WHEN the rains pour and the streets of Iloilo City flood, the city’s collective frustration is often directed at clogged canals, poorly designed drainage, or delayed government response. But the deeper issue lies in the foundation of planning itself: for years, we have been navigating today’s challenges with yesterday’s data.

This is why Mayor Raisa Treñas’ decision to enlist hydrologic experts from the University of the Philippines–Diliman to craft updated flood models deserves all-out public support. This is a long-overdue pivot from reactive disaster response to proactive, science-driven urban planning. For the first time in decades, the city is investing in fresh data that will tell us where floods will strike, how deep the water can get, and how wide it may spread across vulnerable barangays.

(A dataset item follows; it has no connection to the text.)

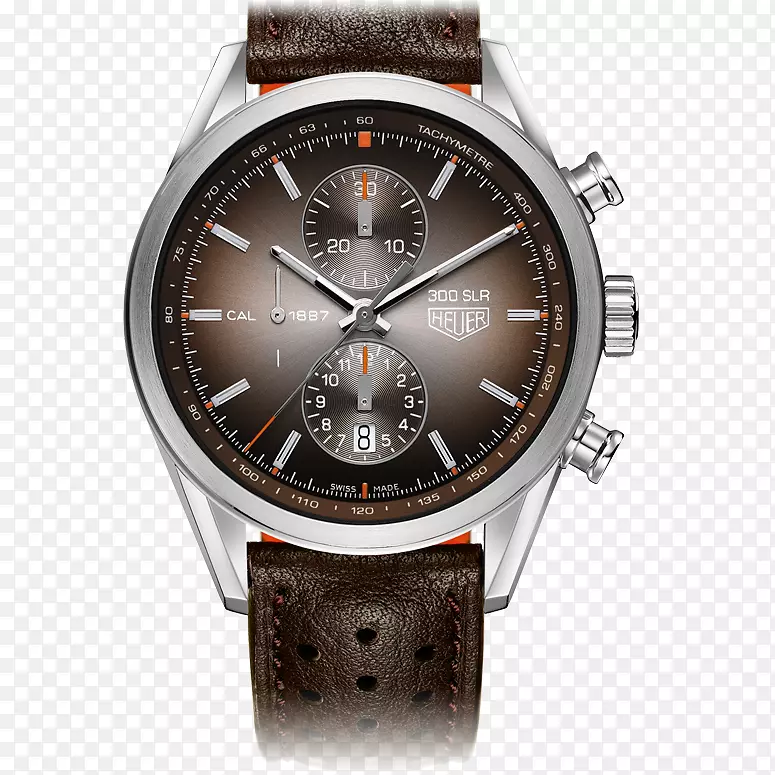 �ƺ�������ʿ��ʱ������ɱ�-������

The stakes are high. As City Disaster Risk Reduction and Management Office head Donna Magno admitted, developments have expanded tremendously while the old flood susceptibility studies no longer apply. That is not just a planning inconvenience — it is a public safety hazard. Without updated hydrologic data, every drainage project risks being misaligned with the realities of climate change, rapid urbanization, and altered rainfall patterns.

Year after year, Iloilo suffers economic losses, disrupted livelihoods, and health hazards due to flooding. These recurring damages amplify the push for science-based modeling / evidence-driven planning.

But this initiative should not stop with the study’s completion. The findings must serve as the backbone of a comprehensive, climate-resilient drainage master plan. More importantly, it must set the precedent that no infrastructure project in Iloilo City — or anywhere in the country — should proceed without sound scientific basis. Concrete, steel, and asphalt cannot stand firm against the forces of nature if they are not guided by data.

Iloilo City’s move offers a template for other flood-prone cities. If local governments nationwide embraced the principle that evidence, not expedience, should drive planning, then perhaps we could turn the tide from costly reaction to genuine prevention.

Science is not an accessory to governance; it is its backbone. Iloilo City under Mayor Raisa Treñas is taking that lesson to heart. Let us hope this marks a new standard in how we build, prepare, and protect our communities.